Ne pas oublier les revues scientifiques et leurs acteurs

Pour finir, les professionnels de l’édition scientifique ont réagi tout aussi rapidement, en attirant l’attention sur les effets de la guerre sur l’activité de leurs confrères ukrainiens (rédacteurs en chef de revues, secrétaires d’édition, secrétaires de rédaction, éditeurs, traducteurs et personnels techniques et administratifs).

Au moment du déclenchement du conflit, 740 revues savantes étaient hébergées sur la plate-forme Ukrainian Research and Academic Network (URAN) et 393 revues ukrainiennes en accès ouvert étaient référencées sur le Directory of Open Access Journals (DOAJ). Pour aider ces revues à continuer de fonctionner, une trentaine d’acteurs de l’édition savante en France se sont associés à plusieurs institutions, infrastructures et organisations européennes pour lancer l’initiative « Supporting Ukrainian Editorial Staff » (SUES).

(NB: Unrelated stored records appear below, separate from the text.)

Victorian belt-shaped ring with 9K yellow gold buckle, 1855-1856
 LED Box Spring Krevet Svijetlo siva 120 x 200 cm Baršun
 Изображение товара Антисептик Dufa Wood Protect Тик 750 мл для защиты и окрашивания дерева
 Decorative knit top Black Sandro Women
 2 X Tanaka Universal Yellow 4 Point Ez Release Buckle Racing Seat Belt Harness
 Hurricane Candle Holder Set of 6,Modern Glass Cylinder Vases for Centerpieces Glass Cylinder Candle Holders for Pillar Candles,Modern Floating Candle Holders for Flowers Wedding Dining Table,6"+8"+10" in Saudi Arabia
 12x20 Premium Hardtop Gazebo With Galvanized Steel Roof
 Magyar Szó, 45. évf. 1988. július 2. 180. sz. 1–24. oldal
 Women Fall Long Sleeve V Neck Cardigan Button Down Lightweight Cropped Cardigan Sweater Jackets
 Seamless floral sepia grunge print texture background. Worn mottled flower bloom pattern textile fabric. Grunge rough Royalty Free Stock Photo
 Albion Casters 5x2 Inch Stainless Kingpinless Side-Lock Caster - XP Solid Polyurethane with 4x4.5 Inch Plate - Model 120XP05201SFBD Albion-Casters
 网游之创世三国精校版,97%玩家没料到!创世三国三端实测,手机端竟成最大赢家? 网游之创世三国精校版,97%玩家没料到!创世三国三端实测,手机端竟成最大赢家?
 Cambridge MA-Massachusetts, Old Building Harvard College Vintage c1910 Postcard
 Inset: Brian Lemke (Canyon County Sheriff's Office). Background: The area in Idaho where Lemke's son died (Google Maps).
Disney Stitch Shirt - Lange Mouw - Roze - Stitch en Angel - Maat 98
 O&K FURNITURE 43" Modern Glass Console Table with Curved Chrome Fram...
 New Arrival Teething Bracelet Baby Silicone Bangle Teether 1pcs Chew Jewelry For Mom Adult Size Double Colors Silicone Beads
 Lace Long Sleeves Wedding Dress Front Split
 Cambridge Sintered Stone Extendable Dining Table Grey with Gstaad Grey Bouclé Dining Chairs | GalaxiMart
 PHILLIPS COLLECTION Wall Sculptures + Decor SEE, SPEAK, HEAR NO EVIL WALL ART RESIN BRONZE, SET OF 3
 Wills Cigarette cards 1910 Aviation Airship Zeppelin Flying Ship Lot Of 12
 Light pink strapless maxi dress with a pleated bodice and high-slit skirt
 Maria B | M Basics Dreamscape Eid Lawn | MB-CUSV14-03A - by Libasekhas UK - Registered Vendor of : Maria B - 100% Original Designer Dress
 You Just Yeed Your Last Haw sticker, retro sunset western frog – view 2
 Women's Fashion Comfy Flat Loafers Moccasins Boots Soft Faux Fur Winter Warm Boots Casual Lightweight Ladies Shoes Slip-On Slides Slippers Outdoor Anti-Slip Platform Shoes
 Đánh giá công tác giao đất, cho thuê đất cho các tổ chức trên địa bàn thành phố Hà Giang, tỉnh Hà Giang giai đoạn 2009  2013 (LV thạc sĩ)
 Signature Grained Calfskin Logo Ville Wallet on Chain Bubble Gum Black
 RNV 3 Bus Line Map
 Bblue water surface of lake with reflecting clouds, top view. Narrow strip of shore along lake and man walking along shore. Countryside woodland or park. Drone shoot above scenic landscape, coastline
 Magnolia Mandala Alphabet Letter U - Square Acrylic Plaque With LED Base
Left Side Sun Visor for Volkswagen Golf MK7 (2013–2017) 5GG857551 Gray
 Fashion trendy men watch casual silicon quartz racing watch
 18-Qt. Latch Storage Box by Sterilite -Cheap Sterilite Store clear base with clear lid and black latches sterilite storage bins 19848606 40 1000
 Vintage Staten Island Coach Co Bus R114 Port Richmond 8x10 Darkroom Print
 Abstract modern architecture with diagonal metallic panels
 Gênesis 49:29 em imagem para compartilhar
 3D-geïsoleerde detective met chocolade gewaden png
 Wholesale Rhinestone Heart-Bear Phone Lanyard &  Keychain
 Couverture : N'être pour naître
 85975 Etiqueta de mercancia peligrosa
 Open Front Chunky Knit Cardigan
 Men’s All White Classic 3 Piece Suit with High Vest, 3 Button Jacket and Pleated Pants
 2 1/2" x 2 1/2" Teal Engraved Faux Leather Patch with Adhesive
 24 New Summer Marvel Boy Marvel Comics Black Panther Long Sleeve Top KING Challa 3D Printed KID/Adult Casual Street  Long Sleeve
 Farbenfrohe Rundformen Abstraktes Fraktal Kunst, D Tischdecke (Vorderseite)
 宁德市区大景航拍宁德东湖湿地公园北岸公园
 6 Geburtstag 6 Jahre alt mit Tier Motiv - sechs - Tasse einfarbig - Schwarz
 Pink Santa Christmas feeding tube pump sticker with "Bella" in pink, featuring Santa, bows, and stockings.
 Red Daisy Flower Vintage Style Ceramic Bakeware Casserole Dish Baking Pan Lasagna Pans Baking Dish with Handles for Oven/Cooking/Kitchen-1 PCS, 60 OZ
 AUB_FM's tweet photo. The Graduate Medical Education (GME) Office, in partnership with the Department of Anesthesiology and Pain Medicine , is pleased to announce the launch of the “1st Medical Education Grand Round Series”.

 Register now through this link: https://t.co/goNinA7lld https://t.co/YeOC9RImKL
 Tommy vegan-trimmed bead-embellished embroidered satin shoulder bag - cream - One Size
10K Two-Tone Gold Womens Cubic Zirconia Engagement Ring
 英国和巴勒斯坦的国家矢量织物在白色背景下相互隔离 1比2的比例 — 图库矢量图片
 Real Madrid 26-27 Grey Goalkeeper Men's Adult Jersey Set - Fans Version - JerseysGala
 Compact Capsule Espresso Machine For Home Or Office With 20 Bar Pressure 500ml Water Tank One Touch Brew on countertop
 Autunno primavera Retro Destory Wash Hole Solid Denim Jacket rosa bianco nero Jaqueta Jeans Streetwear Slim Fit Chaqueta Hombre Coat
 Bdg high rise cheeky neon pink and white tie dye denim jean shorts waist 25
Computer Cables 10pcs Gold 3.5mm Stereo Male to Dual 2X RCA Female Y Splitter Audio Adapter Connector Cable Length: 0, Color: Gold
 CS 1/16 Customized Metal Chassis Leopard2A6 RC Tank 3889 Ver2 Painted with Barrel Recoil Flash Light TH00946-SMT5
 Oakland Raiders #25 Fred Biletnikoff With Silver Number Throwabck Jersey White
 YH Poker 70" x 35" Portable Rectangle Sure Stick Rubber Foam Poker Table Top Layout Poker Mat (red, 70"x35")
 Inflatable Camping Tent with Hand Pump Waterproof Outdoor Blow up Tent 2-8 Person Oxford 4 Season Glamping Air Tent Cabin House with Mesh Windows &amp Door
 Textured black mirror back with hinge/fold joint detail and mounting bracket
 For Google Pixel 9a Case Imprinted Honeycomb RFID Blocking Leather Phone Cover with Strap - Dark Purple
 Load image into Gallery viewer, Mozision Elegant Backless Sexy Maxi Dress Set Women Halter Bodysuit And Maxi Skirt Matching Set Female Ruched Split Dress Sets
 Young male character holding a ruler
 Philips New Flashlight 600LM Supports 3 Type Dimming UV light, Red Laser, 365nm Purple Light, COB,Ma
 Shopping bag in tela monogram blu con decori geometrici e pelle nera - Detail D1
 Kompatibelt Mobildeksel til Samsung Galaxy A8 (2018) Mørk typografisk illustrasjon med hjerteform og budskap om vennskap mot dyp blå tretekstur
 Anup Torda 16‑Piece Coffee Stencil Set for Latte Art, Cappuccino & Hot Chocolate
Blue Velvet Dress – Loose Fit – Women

L’objectif de cette initiative est de collecter des dons pour que les revues soient en mesure de rémunérer leurs rédactions et publier leurs prochains numéros ou leurs prochains livres, tout en assurant la préservation des serveurs hébergeant les publications scientifiques. À la date du 24 juin 2022, 73 000 euros ont ainsi été levés grâce à 157 donateurs, qui ont servi à soutenir 45 revues et éditeurs en Ukraine.

Les acteurs de l’enseignement supérieur et de la recherche français ont donc été particulièrement prompts à apporter un soutien aux scientifiques et universitaires ayant fui l’Ukraine, ainsi qu’à l’édition scientifique ukrainienne. Il ne faut toutefois pas oublier les scientifiques toujours sur place, que ce soient les hommes qui participent à l’effort de guerre, ou les femmes qui ont également pris les armes.

À l’instar de l’initiative SUES, le réel enjeu serait d’intervenir, à large échelle, directement sur le terrain en soutenant les universités ukrainiennes et en finançant à distance les universitaires, et en participant ainsi au soutien de la recherche et du développement dans un pays européen sous les feux, pour penser et anticiper sa reconstruction.